▸ **TASK BRIEF**: Exact copies of the lines from the one with "Terlaris bibit tanaman" through the last line of the entries, and no pictures, make up the answer.

Scraped caption text data
+--

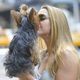 キスする夢 - 動物や創造物にキスする夢の夢占い キスする夢 - 動物や創造物にキスする夢の夢占い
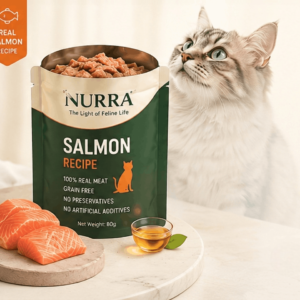 SALMON RECIPE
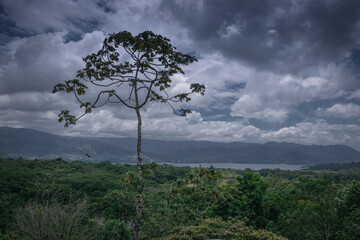 A lone, tall tree stands against a vast, cloudy sky, overlooking a green, forested landscape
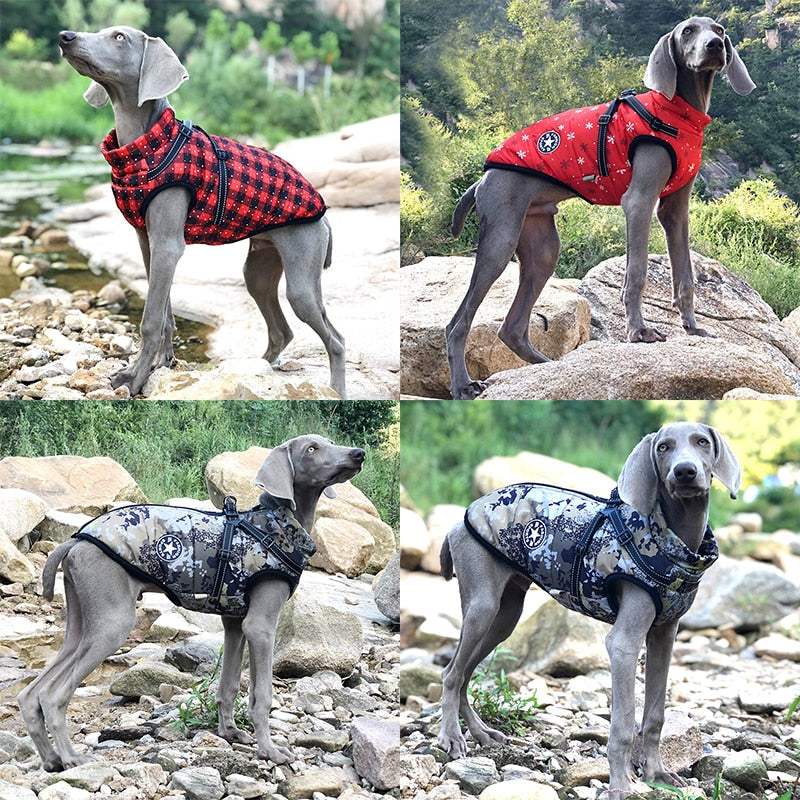 Dog Jacket With Harness Warm & Waterproof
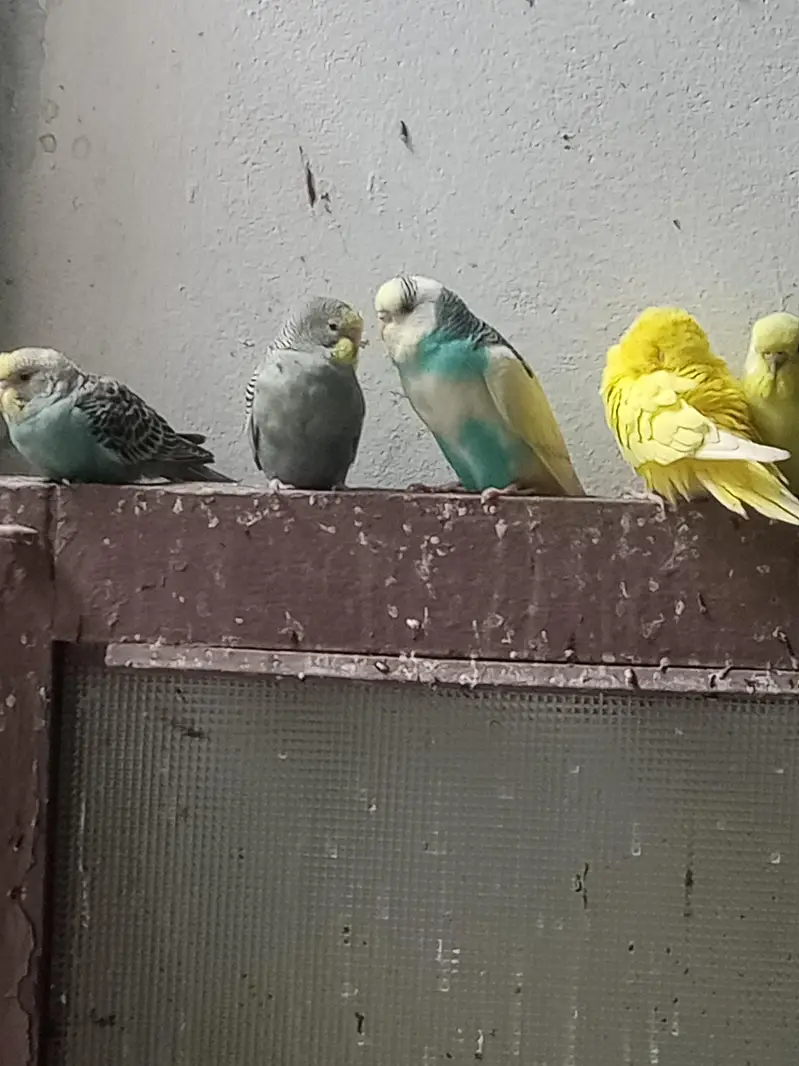 Budgies colony for sale — photo 5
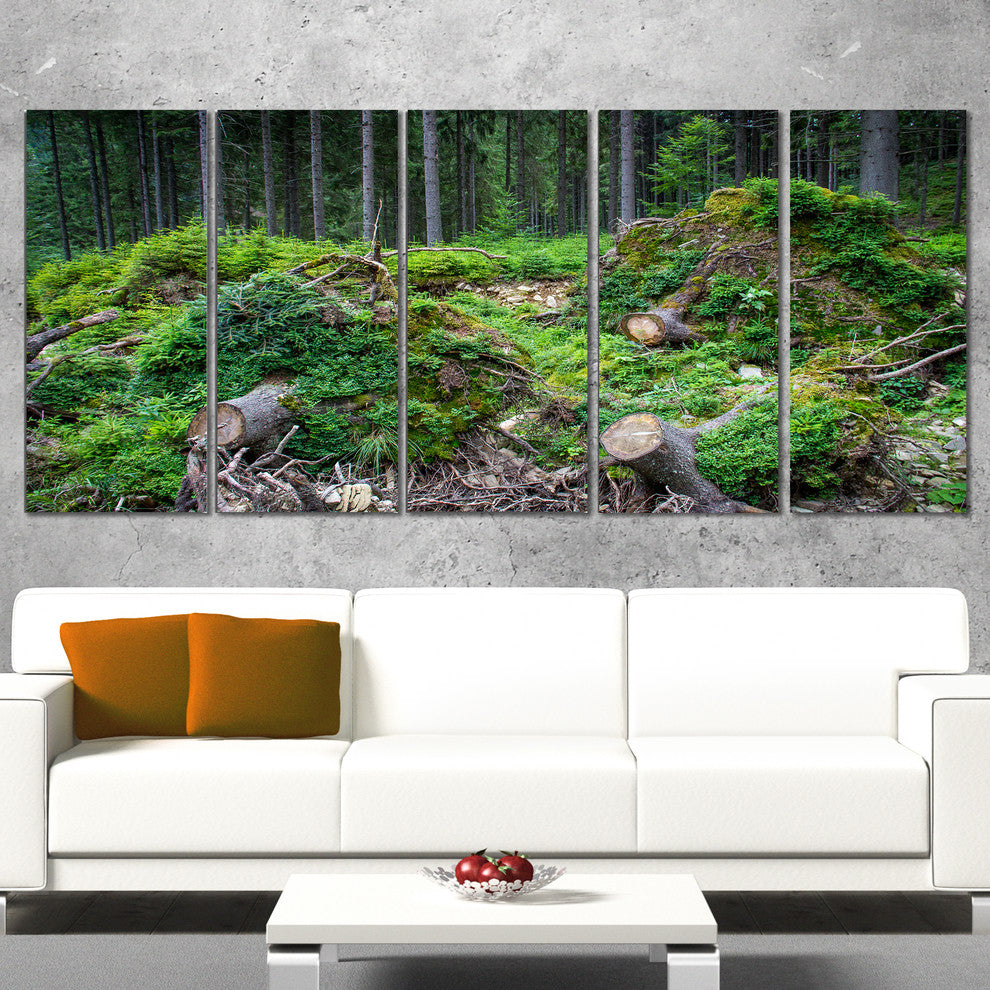 "Wild Deep Forest Rocks and Hills" Landscape Art Print Canvas, 5 Panels, 60"x28"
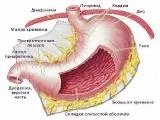 стомашно-чревния стомашно-чревния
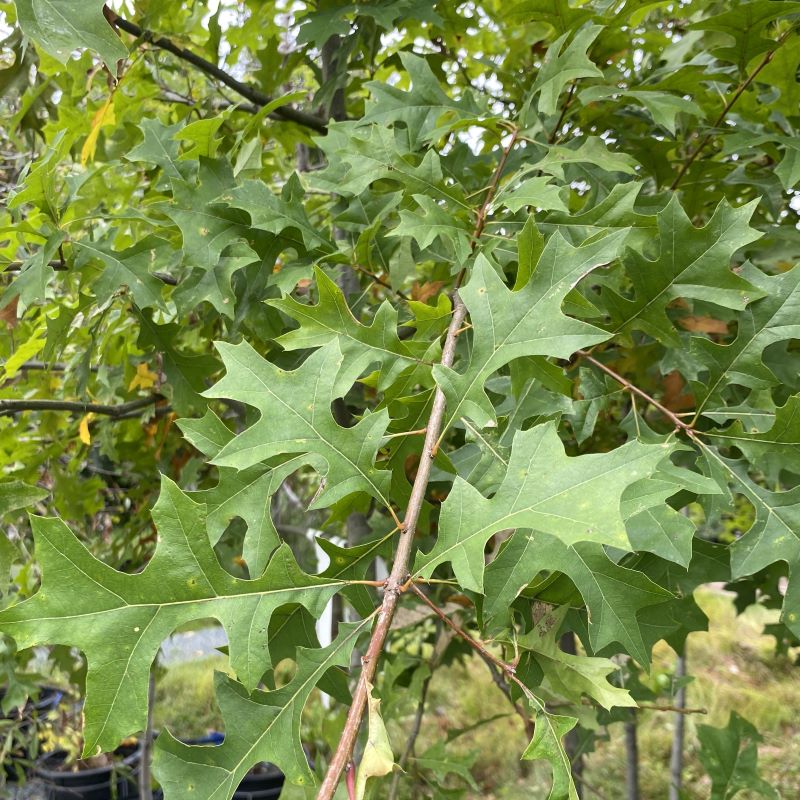 Close-up of Quercus texana (Nuttall Oak) foliage.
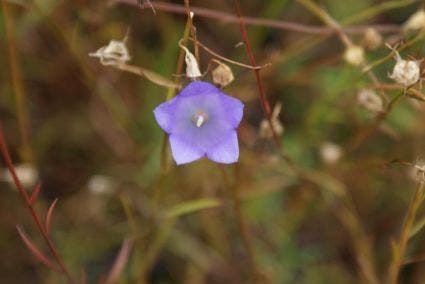 Klokje (Campanula rotundifolia 'Olympica')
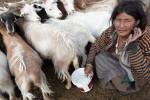 Zdroj: KMHK | Fotografie Mezi tibetskými nomády, Martin Pustelník, vesnice Sumdho 2011.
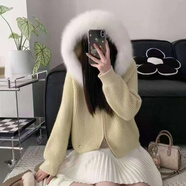 微愛(ài)的小松鼠（weiaidexiaosongshu）韓國新款狐貍毛連帽拉鏈毛衣女外套秋冬短款慵懶風(fēng)針織衫 6664 黃色 均碼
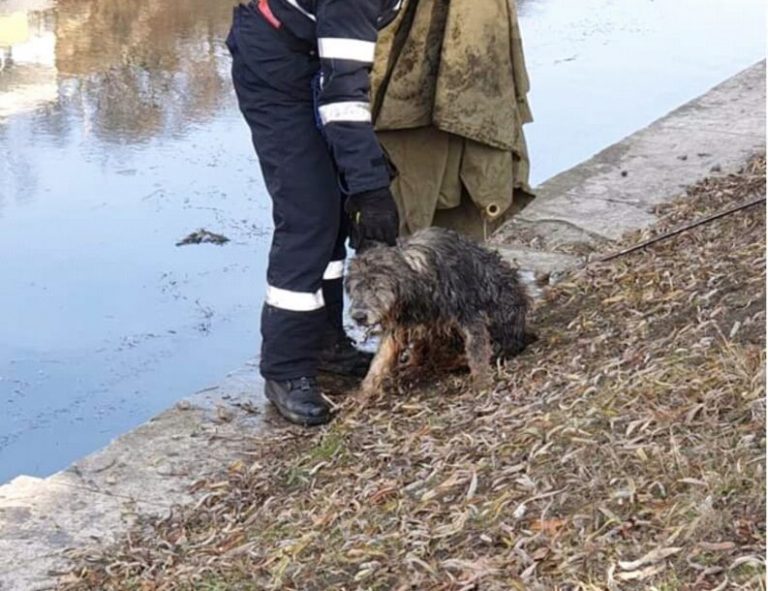Cluj: Caine salvat de pompieri din apele îngheţate ale Someşului (FOTO) 5 Cluj: Caine salvat de pompieri din apele îngheţate ale Someşului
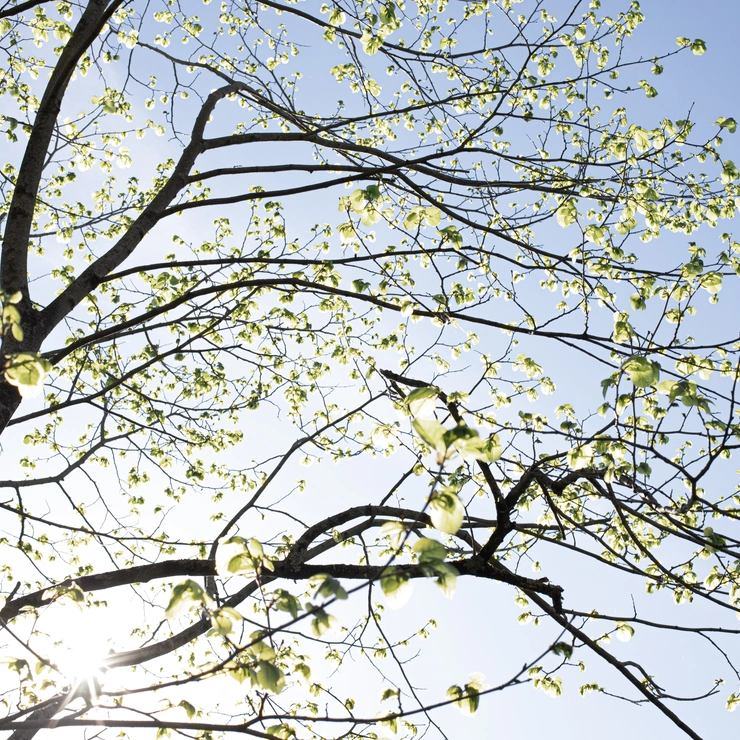 薄緑に芽吹く、コネチカットの森の木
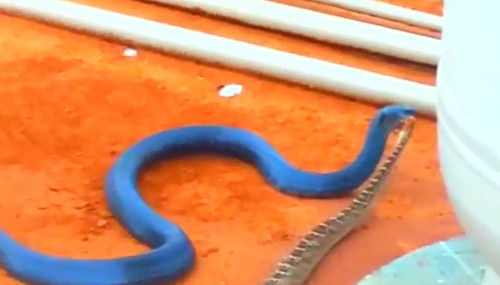 ...nhưng có vẻ không ổn nên lại quay đi.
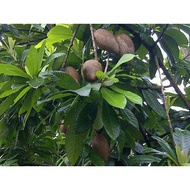 Terlaris bibit tanaman buah mamey sapote magana TERBAIK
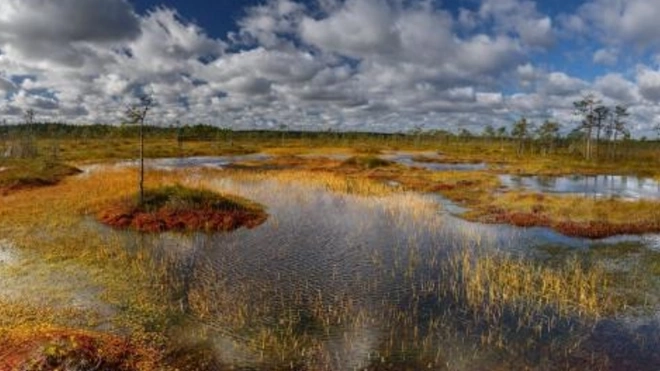 В Петербурге хотят  рaсширить список особо охрaняемых территорий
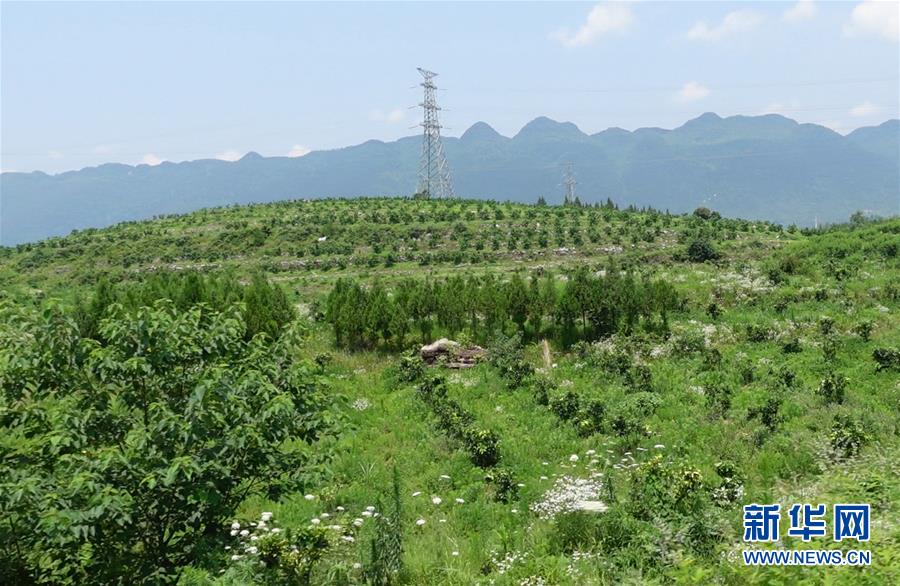 (新華網·決戰決勝脫貧攻堅·圖文互動)(3)貴州思南:強村帶弱村 “抱團”促增收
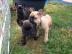 Franz�sische Bulldoggen Welpen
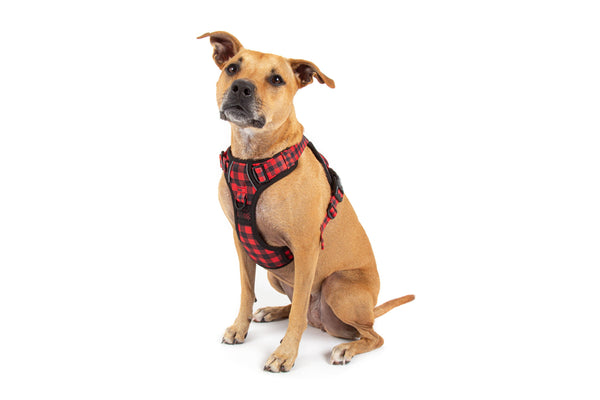 Big and Little Dogs-THE ALL-ROUNDER DOG HARNESS: Plaid to the Bone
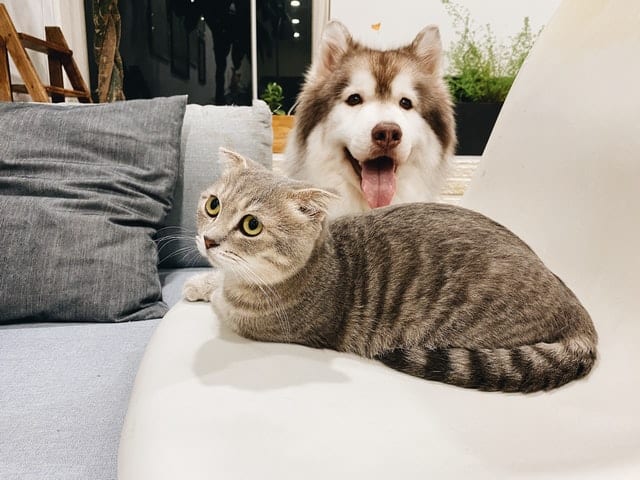 Kot i pies w salonie. 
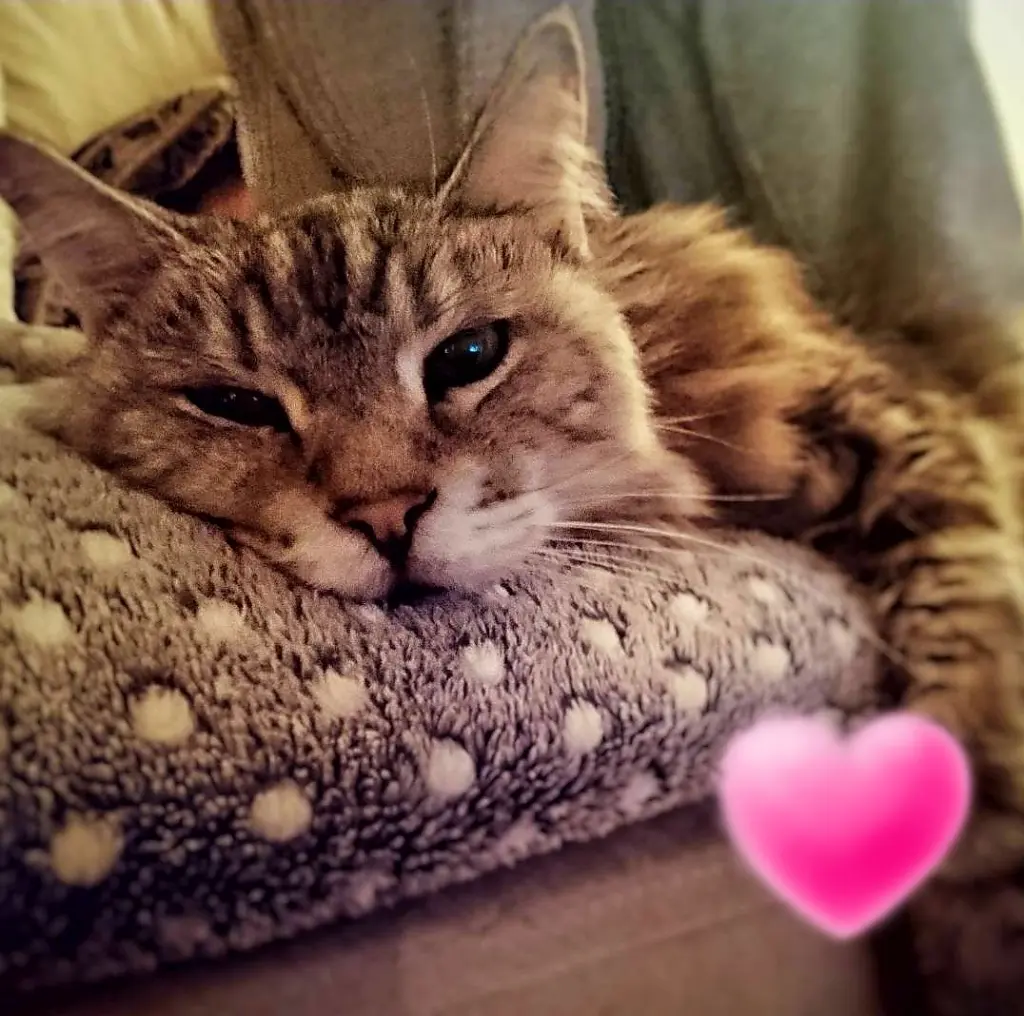 Andachtsbild von Barbara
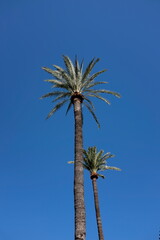 Palmier dans le ciel bleu.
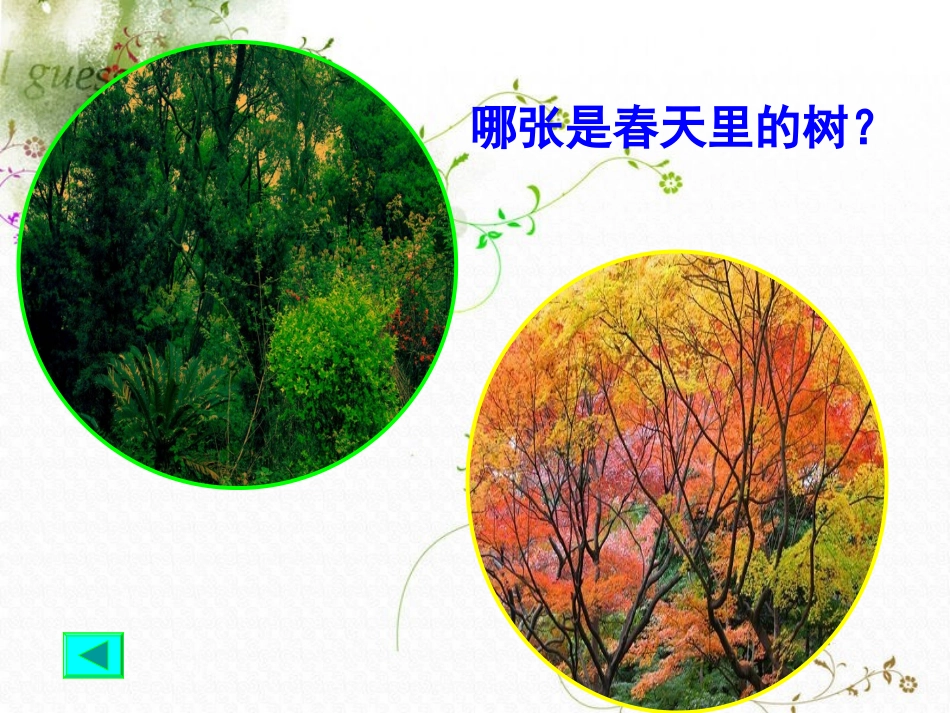 《植物发生了什么变化》植物PPT课件[教科版三年级科学上册]_第2页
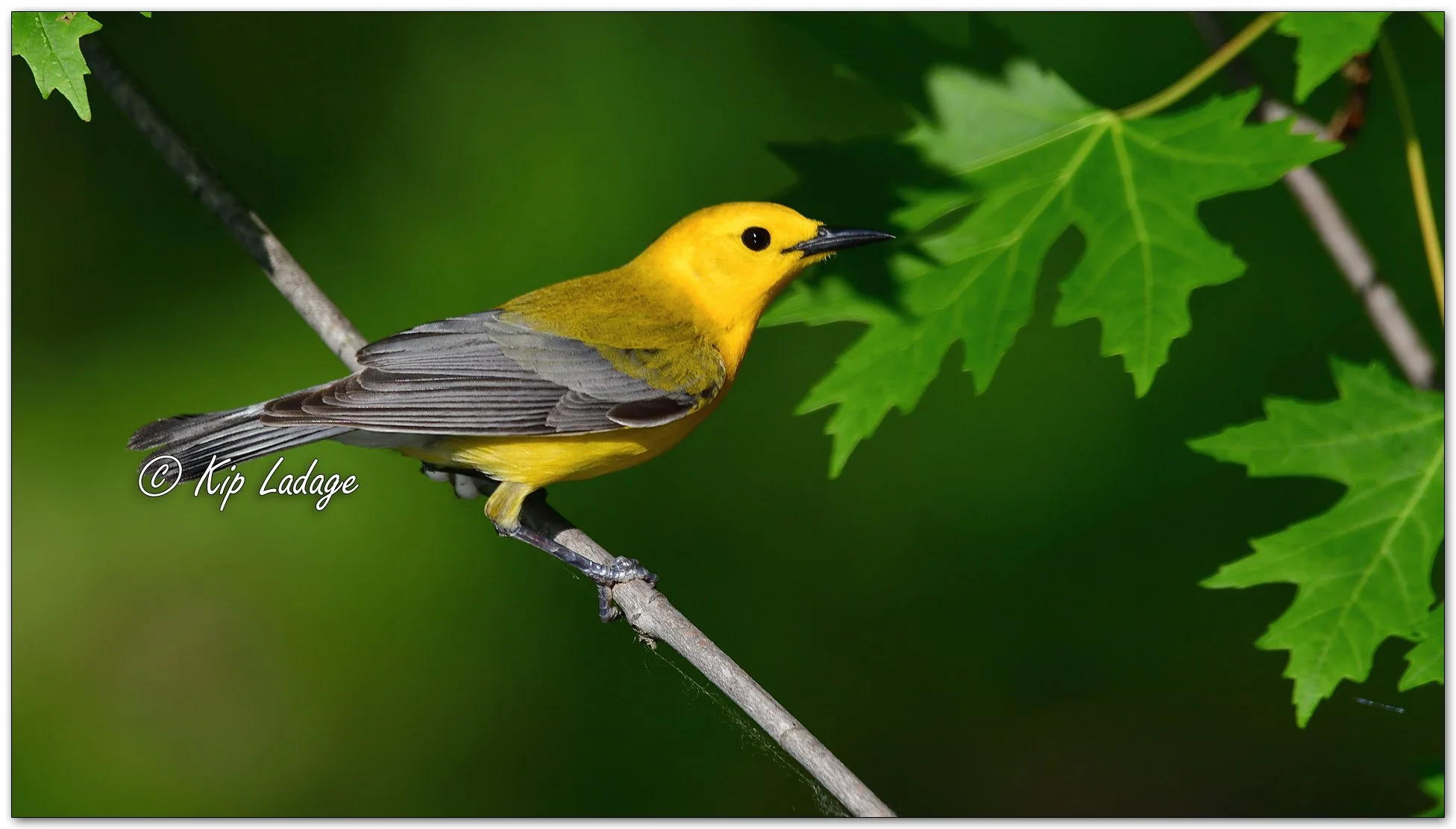 Prothonotary Warbler - Image 985097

+--

▸ **RESPONSE TO THIS EXERCISE**:
 Terlaris bibit tanaman buah mamey sapote magana TERBAIK
 В Петербурге хотят  рaсширить список особо охрaняемых территорий
 (新華網·決戰決勝脫貧攻堅·圖文互動)(3)貴州思南:強村帶弱村 “抱團”促增收
 Franz�sische Bulldoggen Welpen
 Big and Little Dogs-THE ALL-ROUNDER DOG HARNESS: Plaid to the Bone
 Kot i pies w salonie. 
 Andachtsbild von Barbara
 Palmier dans le ciel bleu.
 《植物发生了什么变化》植物PPT课件[教科版三年级科学上册]_第2页
 Prothonotary Warbler - Image 985097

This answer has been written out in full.